New England

October, 2011
Regional Report

Clever Gardening Technique

Grow a Pot of Chives on a Windowsill
To enjoy fresh chives through the winter, dig up a clump from the outdoor garden in the fall and separate it into several smaller clumps, or simply slice off a small rooted section from the side of an existing clump. Pot up the small clumps in soilless potting mix, water, then leave the pots outside for two or three hard frosts. This will satisfy the plants' dormancy requirement. Then bring the pots inside to a sunny windowsill or place under grow lights.

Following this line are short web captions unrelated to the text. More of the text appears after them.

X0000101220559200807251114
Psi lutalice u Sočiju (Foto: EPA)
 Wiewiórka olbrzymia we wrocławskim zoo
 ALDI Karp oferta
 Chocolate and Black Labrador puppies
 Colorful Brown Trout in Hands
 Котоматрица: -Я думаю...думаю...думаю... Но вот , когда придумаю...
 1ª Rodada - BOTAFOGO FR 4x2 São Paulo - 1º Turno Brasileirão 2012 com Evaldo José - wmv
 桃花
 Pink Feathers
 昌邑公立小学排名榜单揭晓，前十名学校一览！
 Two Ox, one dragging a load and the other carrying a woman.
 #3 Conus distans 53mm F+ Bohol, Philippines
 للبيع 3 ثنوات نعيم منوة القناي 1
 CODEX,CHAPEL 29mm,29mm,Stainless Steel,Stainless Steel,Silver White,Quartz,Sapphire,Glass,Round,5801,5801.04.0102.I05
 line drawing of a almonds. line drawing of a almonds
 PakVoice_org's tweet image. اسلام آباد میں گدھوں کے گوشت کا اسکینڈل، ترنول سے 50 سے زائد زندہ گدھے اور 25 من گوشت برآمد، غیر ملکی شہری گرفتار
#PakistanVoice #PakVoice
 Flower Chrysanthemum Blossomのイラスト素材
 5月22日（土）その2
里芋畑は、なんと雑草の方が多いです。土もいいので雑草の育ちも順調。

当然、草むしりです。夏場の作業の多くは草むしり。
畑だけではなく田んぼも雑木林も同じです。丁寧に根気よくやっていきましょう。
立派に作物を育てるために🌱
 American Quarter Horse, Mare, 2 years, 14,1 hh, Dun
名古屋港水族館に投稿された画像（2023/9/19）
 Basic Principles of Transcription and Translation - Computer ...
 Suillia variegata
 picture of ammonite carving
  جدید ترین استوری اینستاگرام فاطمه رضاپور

Soon you'll see new chive shoots emerging that will provide you with a winter harvest.

Favorite or New Plant

Canby Paxistima
If you are looking for an easy-care, hardy evergreen groundcover that does well in sun or part shade in a variety of soils, look no further than Paxistima canbyi. In fact, the most difficult part of this plant is figuring out how to pronounce its name -- paks-iss'-ti-ma can-bee-eye, which is better than its common name of ratstripper! This native of the central Appalachians is hardy to zone 3 and is found in the wild mainly on rocky, limy soils. In cultivation, moist, well-drained soil high in organic matter is ideal, but it is quite adaptable. Paxistima forms a mound of finely textured, lustrous, dark green foliage about 12 inches tall that spreads slowly to 3 to 4 feet wide or more. Inconspicuous flowers are produced in spring, but the leaves are really the show. I use it in a bed with sandy, relatively infertile soil where it provides an elegant and understated counterpoint to other low maintenance groundcovers such as bearberry (Arctostaphylos uva-ursi) and sweet fern (Comptonia peregrina). I have read that paxistima can be susceptible to euonymus scale and to winter burn in exposed locations, but my plants have never had any problems. In fact, the first paxistima I bought shows how tough this plant is. Winter's cold was arriving and I hadn't gotten around to planting it, so I just shoved the plant in its pot deep under some shrubs and hoped for the best. I didn't remember it again until I inadvertently stumbled across it, still alive, two summers later. At which point I finally planted it in my garden, where it thrives to this day!